Wasserforschung: Ideen und Produkte

„Sollte man nicht, statt das Gesetz des freien Falls der Körper auf einen Mittelpunkt hin zu formulieren, vielmehr die These vom Aufsteigen der Leere zu einer Peripherie hin vorziehen, indem man die Leere als Einheit der Nicht-Dichte betrachtet, eine Hypothese, die viel weniger willkürlich ist als die Festlegung auf die konkrete, positive Dichte-Einheit Wasser?“
Alfred Jarry, Heldentaten und Lehren des Dr. Faustroll (Pataphysiker), 1898, 1911, deutsch Berlin 1968 27

„Es ist schon längst bekannt, „dass die physikalischen Eigenschaften des Wassers nicht durch das Wirken von einzelnen Molekülen, sondern nur über größere Strukturen erklärt werden können.“ Alternative Wasserforscher vermuten, dass das Phänomen dieser Haufen- oder Clusterbildung mit seinem fließenden, also in ständiger Bewegung befindlichem Zustand der Moleküle der Schlüssel sei für die Verhaltensweisen des Wassers als Energie- und Informationsträger. Dieses Wissen wird zum Beispiel in der Hömöopathie, aber auch zur Belebung von „totem“ Leitungswasser oder zur Sanierung gekippter Teiche 34 und Seen eingesetzt. Man versucht auch hier noch Gesetzmäßigkeiten zu entschlüsseln. Es wird der Ordnung beziehungsweise den Ordnungen des Chaos nachgeforscht, als sei das Chaos nur der Hort einer noch nicht durchschauten Ordnung. Doch was, wenn sich der Grund der Gesetze als chaotisch erweisen sollte? Müsste dann nicht paradoxerweise die Unordnung zum Prinzip erhoben werden, wohingegen die Ordnung als ein nur zufälliges und temporäres Ereignis auftauchen würde?“
- Oya Erdogan, Wasser.
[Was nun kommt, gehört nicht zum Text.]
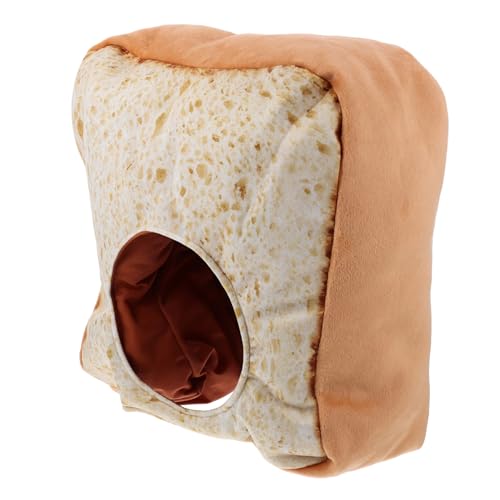 OFFIGAM Toastbrot Hut Lustige Diy Fotografie Kopfbedeckung für Kreative und Partys für Einzigartige Kostüme und Fotospaß für Täglichen Gebrauch Accessoire für Besondere Anlässe von OFFIGAM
Über die Anfänge der Philosophie, Wien 2003 75, 77/78

Wasser in seinen vielfältigen Erscheinungen hat die Fantasie der Menschen immer angeregt. Aber diese Anregung hat neue Qualitäten erhalten, seit ein globales Gespräch über die zunehmende Verschmutzung des Wassers und über den Mangel an Wasser in vielen Regionen der Welt begonnen hat. Masaru Emoto, Viktor Schauberger, Johann Grander, Günter Schön gehören zu jenen einflussreichen Esoterikern der ersten Stunde, die Theorien über das „Gedächtnis des Wassers“ entwickelt haben und in praktischen Anwendungen „Wasser beleben“. Franz Fiizke berichtet in einem Film (44 min.) unter dem Titel „Das Geheimnis des Wassers“ über Techniken und Geräte, die der „Verwirbelung“ des Wassers und seiner Befreiung von Schadstoffen dienen, und stellt die „Wasserfühler“ Otmar Grober und Walter Tuff vor, die durch äußere Einflüsse (die Vibrationen, die eine Blaskapelle in einem Gebirgsbach verursacht) die Frequenzen, die im Wasser herrschen, verändern.
Er zeigt mikroskopischen Aufnahmen von Wassertropfen verschiedener Qualität und erwähnt die Künstler, die unter dem Titel „Die Welt im Tropfen“ Wassertropfen als Bildquelle benutzen. Die Firma des Johann Grander bietet Geräte für Betriebe an, die darauf angewiesen sind, sauberes Wasser zu benutzen, und für private Haushalte. Dieser Grenzbereich der Wissenschaft, deren Vertreter bereit sind, ihre Arbeit unter Umständen als Kunst zu verstehen, wird von vielen Menschen berührt, die nach Gesundheit, Wohlbefinden, „wellness“ suchen und Vorstellungen von Paradiesen pflegen, die in starkem Kontrast zu den zerstörerischen Drogenkulturen der Hippie-Bewegung und ihren Nachfolgern stehen.